▸ **EXERCISE DESCRIPTION**
From the line that contains "PA Plant Hardiness Zone Map" to the last line of the data below, transcribe every line exactly. Do not include the pictures.

▸ **INFORMATION SHOWN**
* * *
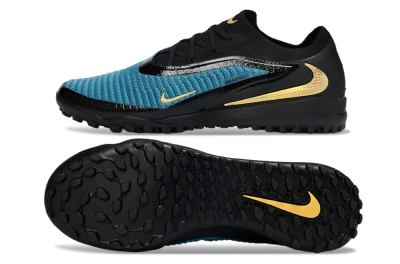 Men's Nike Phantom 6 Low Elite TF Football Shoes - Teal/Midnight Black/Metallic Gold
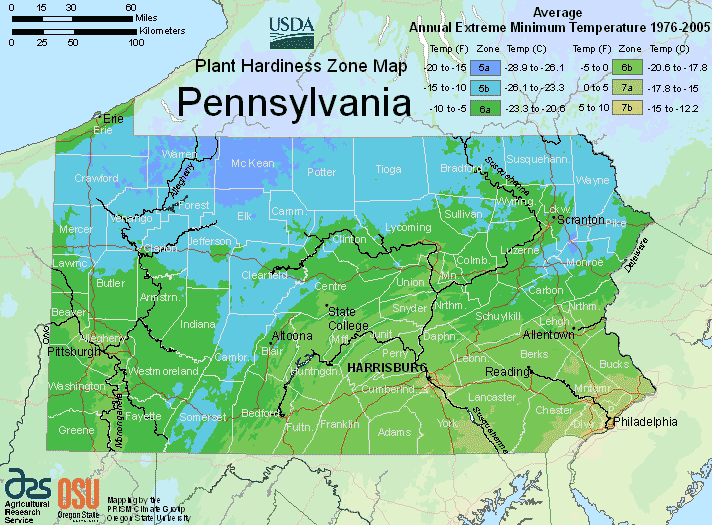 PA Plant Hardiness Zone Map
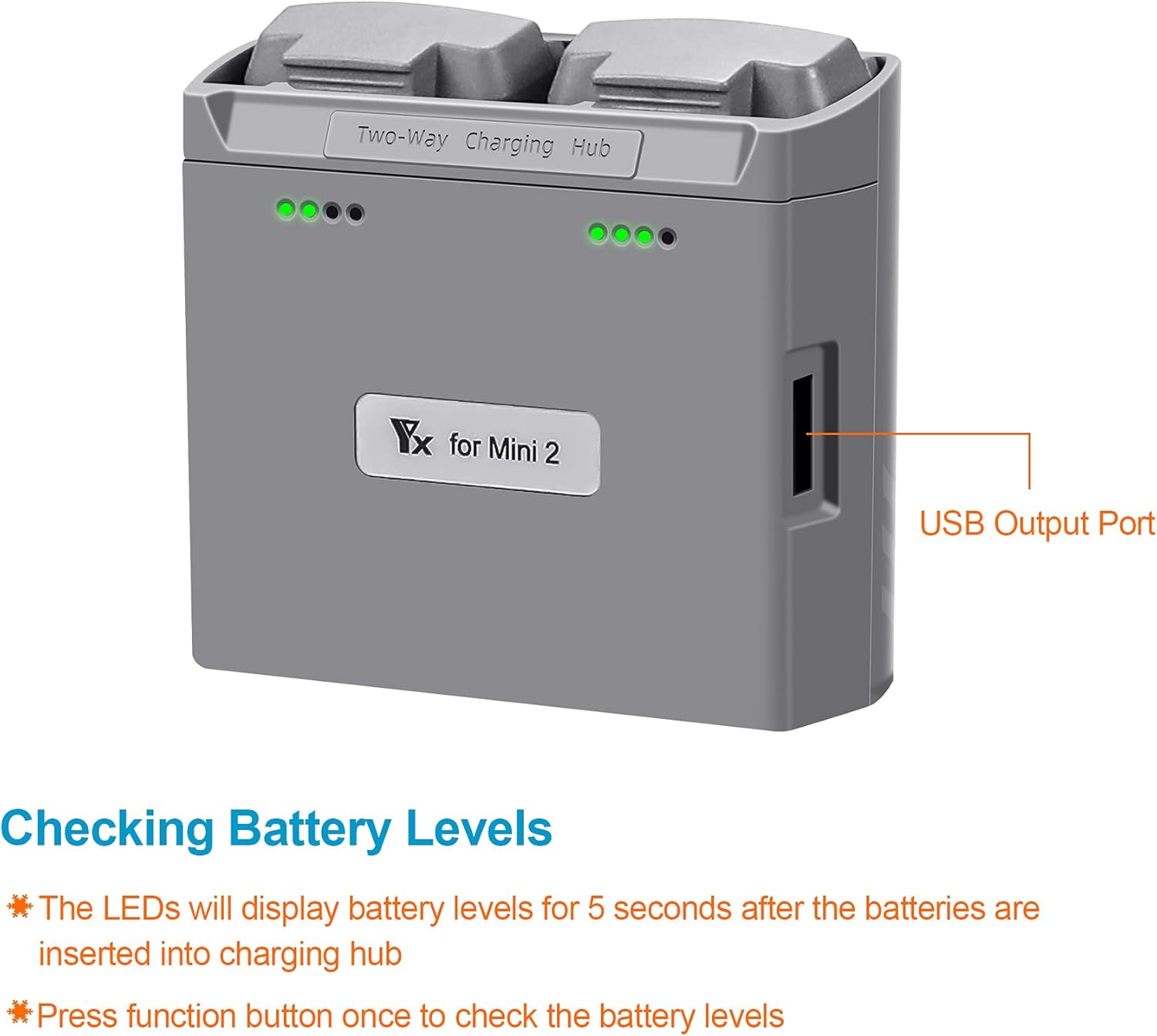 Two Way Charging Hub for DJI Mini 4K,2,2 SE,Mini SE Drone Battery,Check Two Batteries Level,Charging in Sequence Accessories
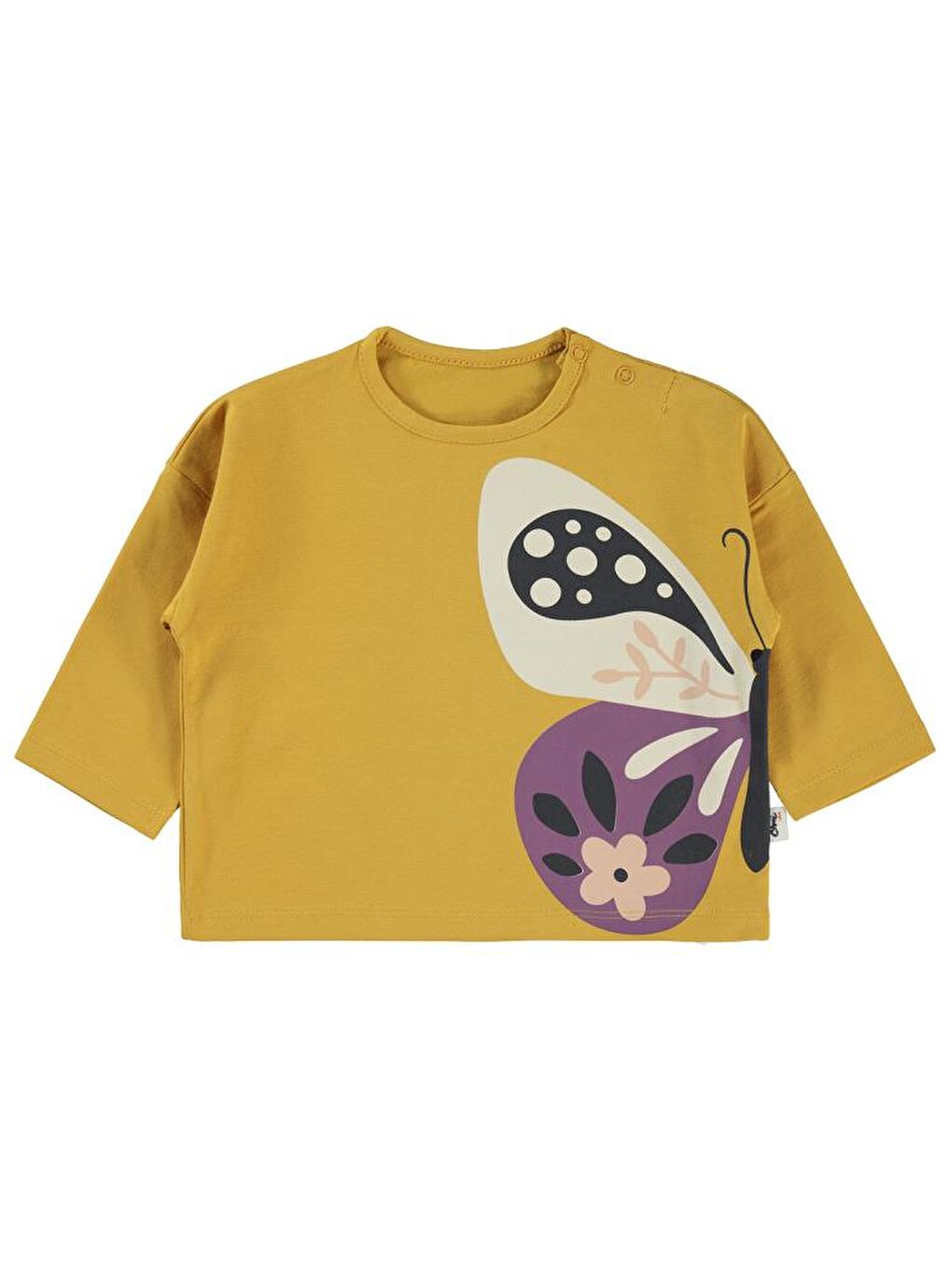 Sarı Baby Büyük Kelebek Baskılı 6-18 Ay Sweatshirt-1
* * *
▸ **RESPONSE TO THIS TASK**
 PA Plant Hardiness Zone Map
 Two Way Charging Hub for DJI Mini 4K,2,2 SE,Mini SE Drone Battery,Check Two Batteries Level,Charging in Sequence Accessories
 Sarı Baby Büyük Kelebek Baskılı 6-18 Ay Sweatshirt-1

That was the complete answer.